Technology- Now, don’t get me wrong, I love technology. What I hate is that the word is thrown around willy-nilly for the most stupid of things. My paper towels are not absorbent, they have moisture-lock technology! Hey, adman! Let me give you a fucking clue. It’s paper. It has no technology, and your lame-ass technobabble just makes those paper towels too stupid for me to buy. What is truly amazing is that you got paid for that ad campaign. Asshat!
Event- Now, I love a good hootenanny as much as the next person. However, you know what is not an event? Meteorological conditions. It’s snowing outside. It is not a snow event. It’s just snow, full stop. Tell me it’s going to rain, don’t predict a rain event. And don’t even get me started on “polar vortex.” I now pick my weather informant based on which broadcast is less dramatic and excitable.
I’d better finish this article up. We’re expecting a rain of frogs event in my area.
You, as both plural and singular- I heard a fairy tale that, once upon a time, the English language had separate words denoting “you” singular and “you” plural. It must have been a magical time. Other languages still differentiate between pronouns for one person as opposed to a group, but alas and fuck it all, we do not. This leaves poor speakers of my mother tongue floundering, searching in vain for a less vague and confusing way to speak. Thus was born the “y’alls” and “you guys” and “you lots” of the English language as people desperately try to be rid of the horror of pronoun confusion.

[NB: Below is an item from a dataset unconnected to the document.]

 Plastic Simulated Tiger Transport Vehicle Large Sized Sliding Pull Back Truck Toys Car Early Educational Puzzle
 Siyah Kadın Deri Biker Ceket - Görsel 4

A member of a group of people: “Are you going to the movie?”
Person A: “I don’t know. Is the entire group of people that I’m looking at going?”

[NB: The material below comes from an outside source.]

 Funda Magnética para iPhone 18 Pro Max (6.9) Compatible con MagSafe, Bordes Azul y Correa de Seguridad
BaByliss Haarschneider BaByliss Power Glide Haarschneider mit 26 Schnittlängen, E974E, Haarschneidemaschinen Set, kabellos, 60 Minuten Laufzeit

A different person in a group of people: “Yes, we are going.”
Me: “Bugger this. I’m just going to say you guys, unless there’s a rabid feminist in the group.”
No offense meant towards rabid feminists, and for fuck’s sake go to the doctor. You’re starting to foam at the mouth.

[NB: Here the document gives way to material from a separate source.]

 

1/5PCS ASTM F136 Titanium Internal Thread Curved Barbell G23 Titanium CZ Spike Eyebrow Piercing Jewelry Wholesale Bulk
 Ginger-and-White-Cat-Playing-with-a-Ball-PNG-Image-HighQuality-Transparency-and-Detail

I’ll leave you with some lovely words, to get the bad taste out of your collective mouths.
Masticate. Flabbergast. Poinsettia. Quixotic. Cantankerous. Heliocentric. Cacophony.
Oh, and fuck snow events. Fuck ‘em.
I used to be the only person I know who lists words I like and words I like to say. Now I know another. Thank you, Julianne. This post is laugh aloud funny, and in every case, I agree—but wouldn’t have been able to express my distaste so cleverly.
Thank you so much! I love making people laugh, so if I have, I’ve done my job!
Cheered me up and gave me a good laugh at the end of a loooong week. Thank you for that 🙂
If I made you laugh, then I’m happy. Thanks for reading.
Moisture lock technology…I love it! You know what else I love? Your word “hyberboleified.” You totally rock.
Moisture lock technology is totally a real thing in a real commercial, crazy as that sounds. I admit to completely making up the word “hyperbolefied” though. 😉
Well said, well said. George Orwell would have liked you.
I couldn’t ask for a better compliment than that.